0

I am trying to scatter plot lists x and y and color code their points corresponding to list z:

plt.scatter(x,y,c=z)

z is a list of strings with many repeats. example z:

z = ['Adelie', 'Adelie', 'Adelie', 'Adelie', 'Gentoo', 'Gentoo', 'Gentoo', 'Gentoo']
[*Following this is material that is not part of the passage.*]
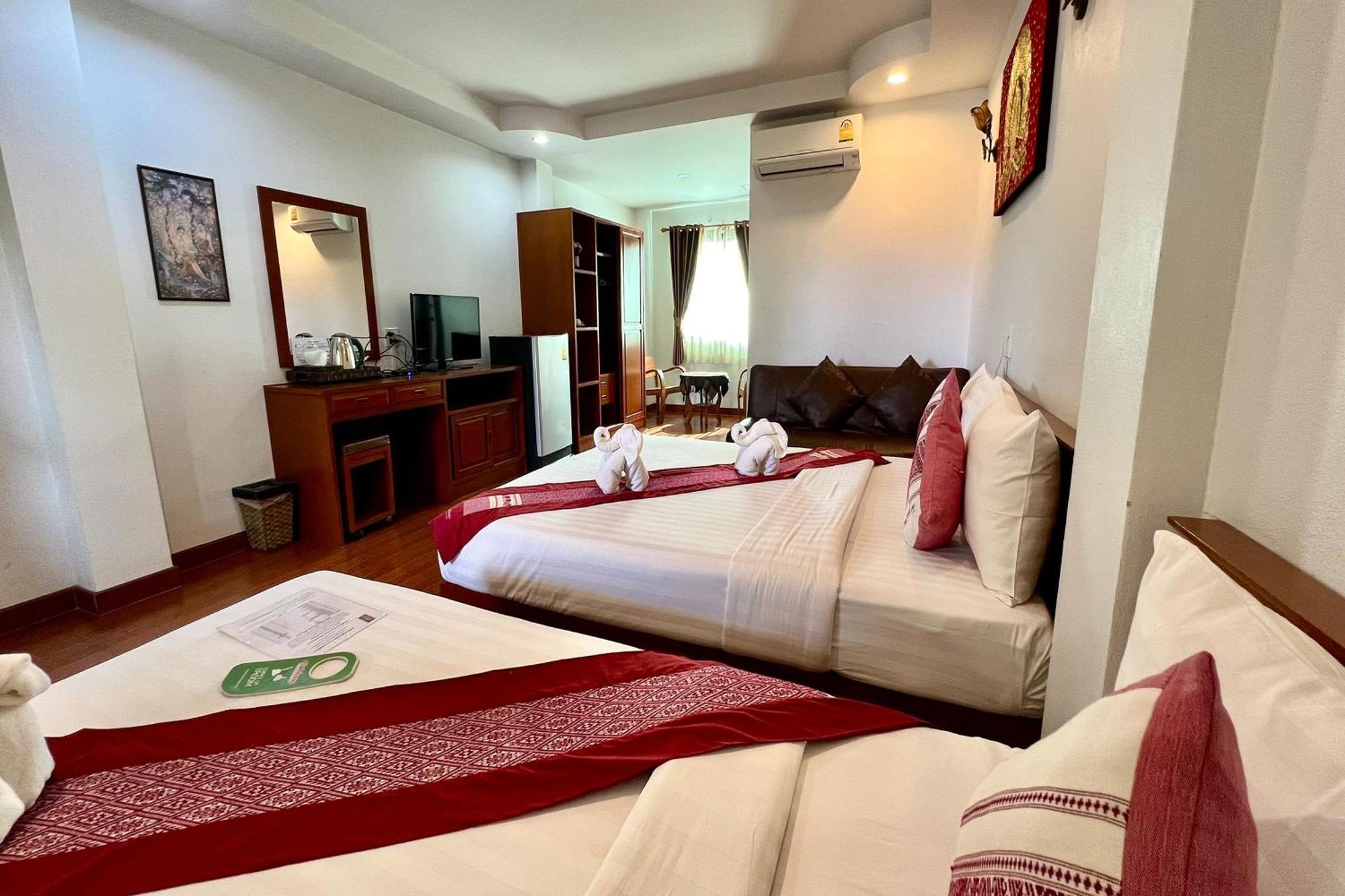 Sawadeelanna Hotel Nan Buitenkant foto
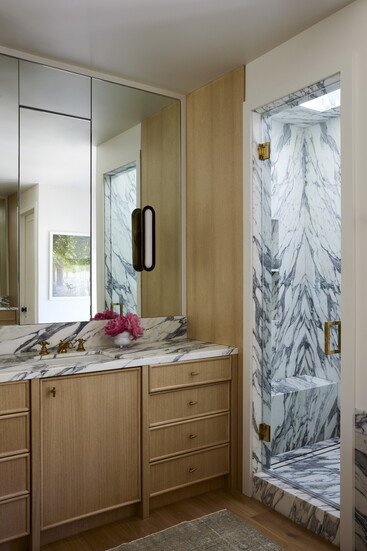 Mixed materials in the primary bathroom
I believe a good way to do this would be by creating a list that transforms the string values of z into integer values, like so:

newz = [1, 1, 1, 1, 2, 2, 2, 2]

Then I believe I could achieve my goals with this code

 plt.scatter(x,y,c=newz)

What is the best way to create newz, and is this a good way to color my scatter plot points?

Dom
  • 13
  • 2

1 Answers1

0

I figured it out courtesy of this post: Map unique strings to integers in Python

My code:

import matplotlib.pyplot as plt
plist = csv2dict("penguins.csv")
x=[] #bill length list
y=[] #bill depth list
z=[] #species list
for count,pdict in enumerate(plist):
  try:
    x.append(float(pdict["bill_length_mm"]))
    y.append(float(pdict["bill_depth_mm"]))
    z.append(pdict['species'])
  except:
    print(f'row {count+1} had a bad value')
    print(pdict)

newz=dict([(y,x+1) for x,y in enumerate(sorted(set(z)))])

plt.scatter(x,y,c=[newz[d] for d in z])
Dom
  • 13
  • 2